[Excerpts from a dataset]
"""
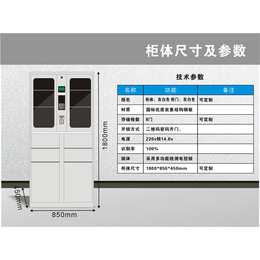 强固(在线咨询),邵原镇储物柜,304不锈钢储物柜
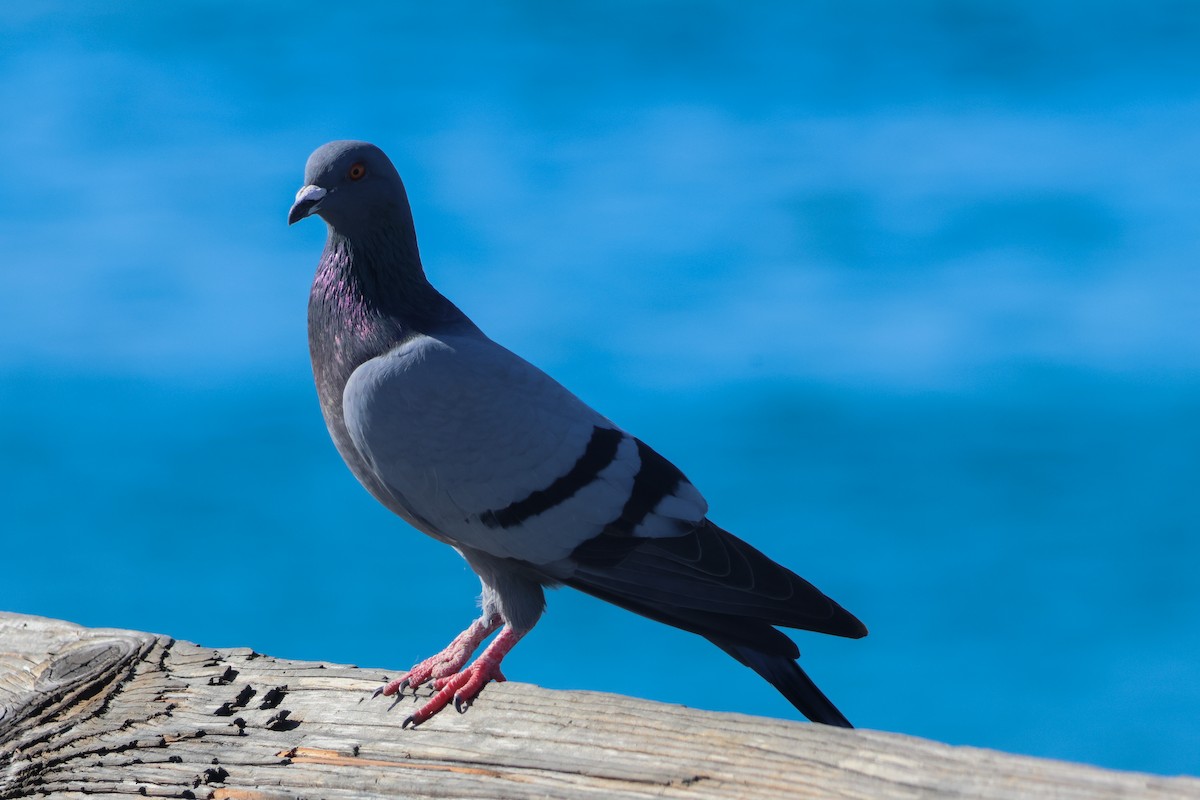 Kaya Güvercini (evcil tip) - ML645867061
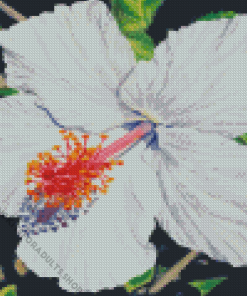 White Hibiscus Flower Art Diamond Painting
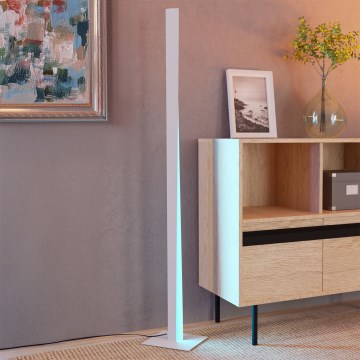 Eglo - LED RGBW himmennettävä lattiavalaisin LED/10,5W/230V + LED/15,2W harmaa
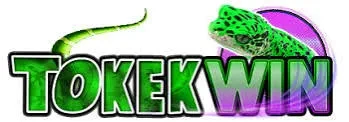 tokekwin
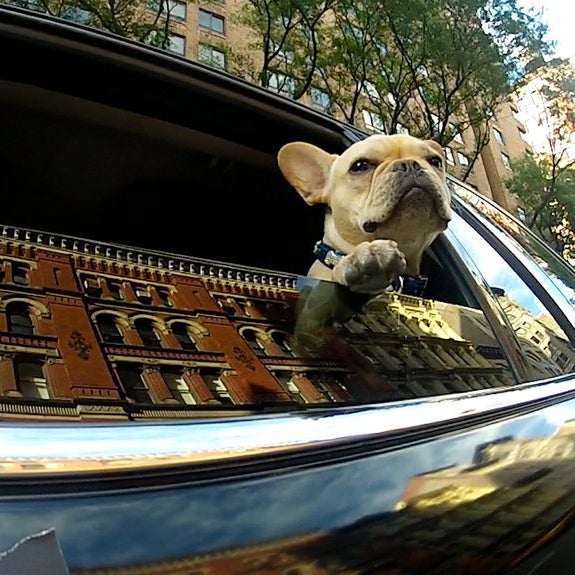 Best Parks For Dogs In New York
"""
Your task
From the line containing "White Hibiscus Flower Art Diamond Painting" through the last line of the records, both included, output those lines exactly and nothing else; skip the pictures.

Answer to this task
 White Hibiscus Flower Art Diamond Painting
 Eglo - LED RGBW himmennettävä lattiavalaisin LED/10,5W/230V + LED/15,2W harmaa
 tokekwin
 Best Parks For Dogs In New York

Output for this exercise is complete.